1426 A newline ``\n`` terminates each line, including the last one.
1427
1428 branchmap
1429 ---------
1430
1431 Obtain heads in named branches.
1432
1433 Accepts no arguments. Return type is a ``string``.
1434
1435 Return value contains lines with URL encoded branch names followed by a space
1436 followed by a space-delimited list of hex nodes of heads on that branch.
1437 e.g.::
1438
1439 default a072279d3f7fd3a4aa7ffa1a5af8efc573e1c896 6dc58916e7c070f678682bfe404d2e2d68291a18
1440 stable baae3bf31522f41dd5e6d7377d0edd8d1cf3fccc
1441
1442 There is no trailing newline.
1443
1444 branches
1445 --------
1446
1447 (Legacy command used for discovery in old clients. Clients with ``getbundle``
1448 use the ``known`` and ``heads`` commands instead.)
1449
1450 Obtain ancestor changesets of specific nodes back to a branch point.
1451
1452 Despite the name, this command has nothing to do with Mercurial named branches.

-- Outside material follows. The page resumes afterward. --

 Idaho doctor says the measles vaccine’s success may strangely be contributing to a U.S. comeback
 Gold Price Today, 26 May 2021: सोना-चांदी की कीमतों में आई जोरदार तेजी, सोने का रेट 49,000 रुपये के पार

1453 Instead, it is related to DAG branches.
1454
1455 The command accepts a ``nodes`` argument, which is a string of space-delimited
1456 hex nodes.
1457
1458 For each node requested, the server will find the first ancestor node that is
1459 a DAG root or is a merge.
1460
1461 Return type is a ``string``. Return value contains lines with result data for
1462 each requested node. Each line contains space-delimited nodes followed by a
1463 newline (``\n``). The 4 nodes reported on each line correspond to the requested
1464 node, the ancestor node found, and its 2 parent nodes (which may be the null
1465 node).
1466
1467 capabilities
1468 ------------
1469
1470 Obtain the capabilities string for the repo.
1471
1472 Unlike the ``hello`` command, the capabilities string is not prefixed.
1473 There is no trailing newline.
1474
1475 This command does not accept any arguments. Return type is a ``string``.
1476
1477 This command was introduced in Mercurial 0.9.1 (released July 2006).
1478
1479 changegroup
1480 -----------
1481
1482 (Legacy command: use ``getbundle`` instead)
1483
1484 Obtain a changegroup version 1 with data for changesets that are
1485 descendants of client-specified changesets.
1486
1487 The ``roots`` arguments contains a list of space-delimited hex nodes.
1488
1489 The server responds with a changegroup version 1 containing all
1490 changesets between the requested root/base nodes and the repo's head nodes
1491 at the time of the request.
1492
1493 The return type is a ``stream``.
1494
1495 changegroupsubset
1496 -----------------
1497
1498 (Legacy command: use ``getbundle`` instead)
1499
1500 Obtain a changegroup version 1 with data for changesetsets between
1501 client specified base and head nodes.
1502
1503 The ``bases`` argument contains a list of space-delimited hex nodes.
1504 The ``heads`` argument contains a list of space-delimited hex nodes.
1505
1506 The server responds with a changegroup version 1 containing all
1507 changesets between the requested base and head nodes at the time of the
1508 request.
1509
1510 The return type is a ``stream``.
1511
1512 clonebundles
1513 ------------
1514
1515 Obtains a manifest of bundle URLs available to seed clones.
1516
1517 Each returned line contains a URL followed by metadata. See the
1518 documentation in the ``clonebundles`` extension for more.
1519
1520 The return type is a ``string``.
1521
1522 getbundle
1523 ---------
1524
1525 Obtain a bundle containing repository data.
1526
1527 This command accepts the following arguments:
1528
1529 heads
1530 List of space-delimited hex nodes of heads to retrieve.
1531 common
1532 List of space-delimited hex nodes that the client has in common with the
1533 server.
1534 obsmarkers
1535 Boolean indicating whether to include obsolescence markers as part
1536 of the response. Only works with bundle2.
1537 bundlecaps
1538 Comma-delimited set of strings defining client bundle capabilities.
1539 listkeys
1540 Comma-delimited list of strings of ``pushkey`` namespaces. For each
1541 namespace listed, a bundle2 part will be included with the content of
1542 that namespace.
1543 cg
1544 Boolean indicating whether changegroup data is requested.
1545 cbattempted
1546 Boolean indicating whether the client attempted to use the *clone bundles*
1547 feature before performing this request.
1548 bookmarks
1549 Boolean indicating whether bookmark data is requested.
1550 phases
1551 Boolean indicating whether phases data is requested.
1552
1553 The return type on success is a ``stream`` where the value is bundle.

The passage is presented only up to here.